> **ASSIGNMENT**: Drop every picture. Return the rest of the entries exactly.

-------- RECORDS FOR THE TASK --------

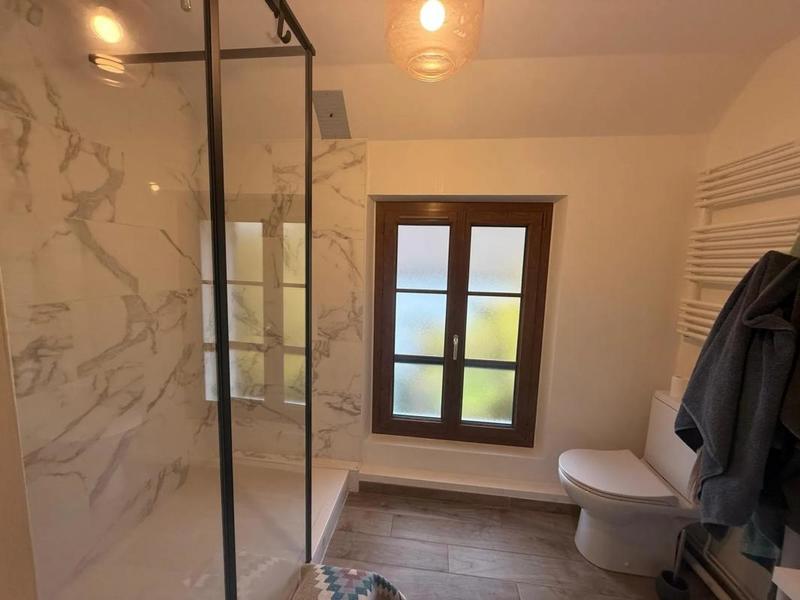 Ferme - 240 m² - 9 pièces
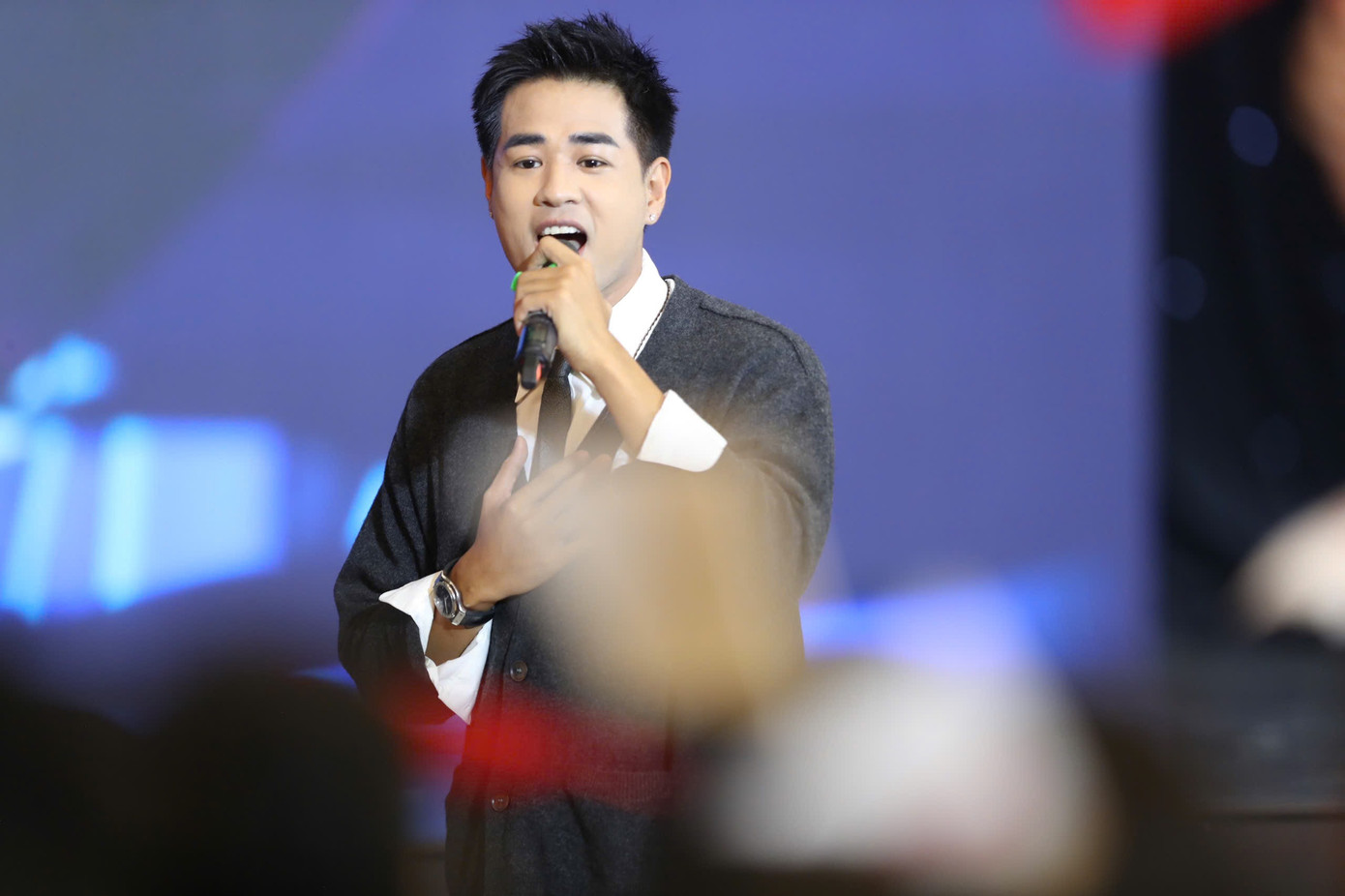 Ca sĩ Khải Đăng trình diễn. Ảnh: Duy Anh.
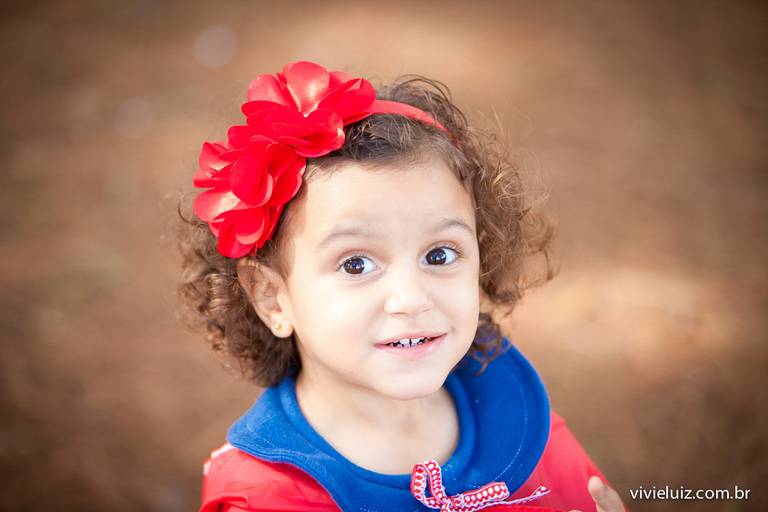 criança sorrindo 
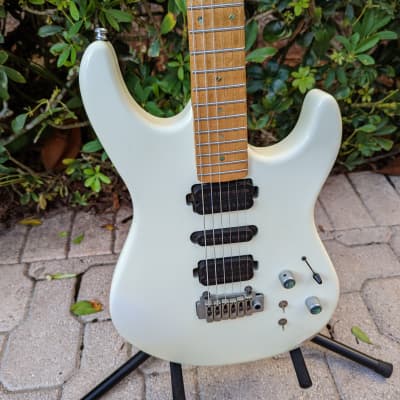 Carvin Bolt-Plus Electric Guitar White with Gig Bag image 2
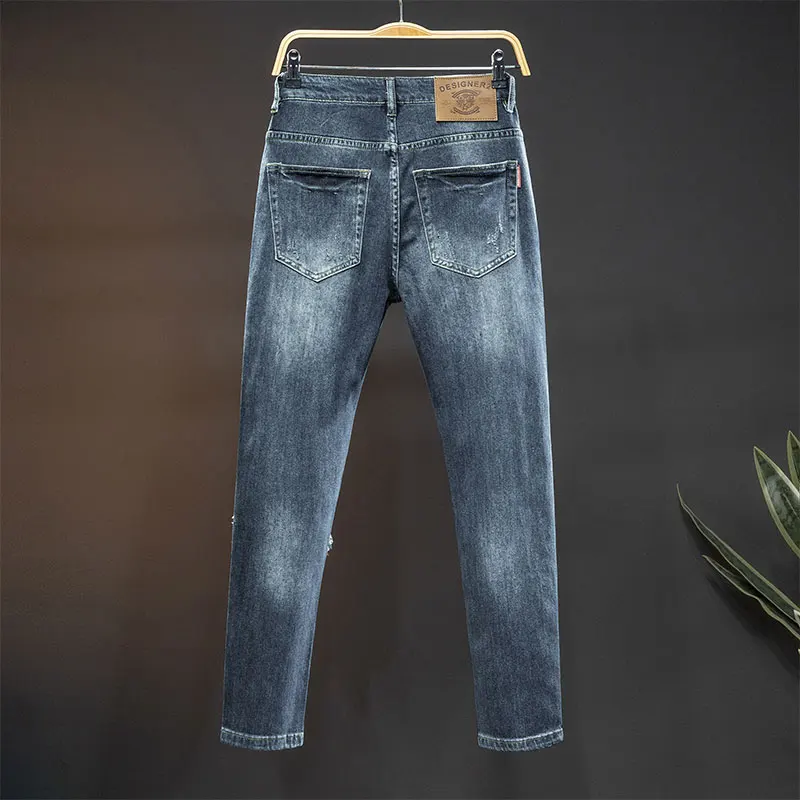 Рисунок 2 - 2024 красивые уличные джинсы с вышивкой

--------

> **RESPONSE AREA**:
 Ferme - 240 m² - 9 pièces
 Ca sĩ Khải Đăng trình diễn. Ảnh: Duy Anh.
 criança sorrindo 
 Carvin Bolt-Plus Electric Guitar White with Gig Bag image 2
 Рисунок 2 - 2024 красивые уличные джинсы с вышивкой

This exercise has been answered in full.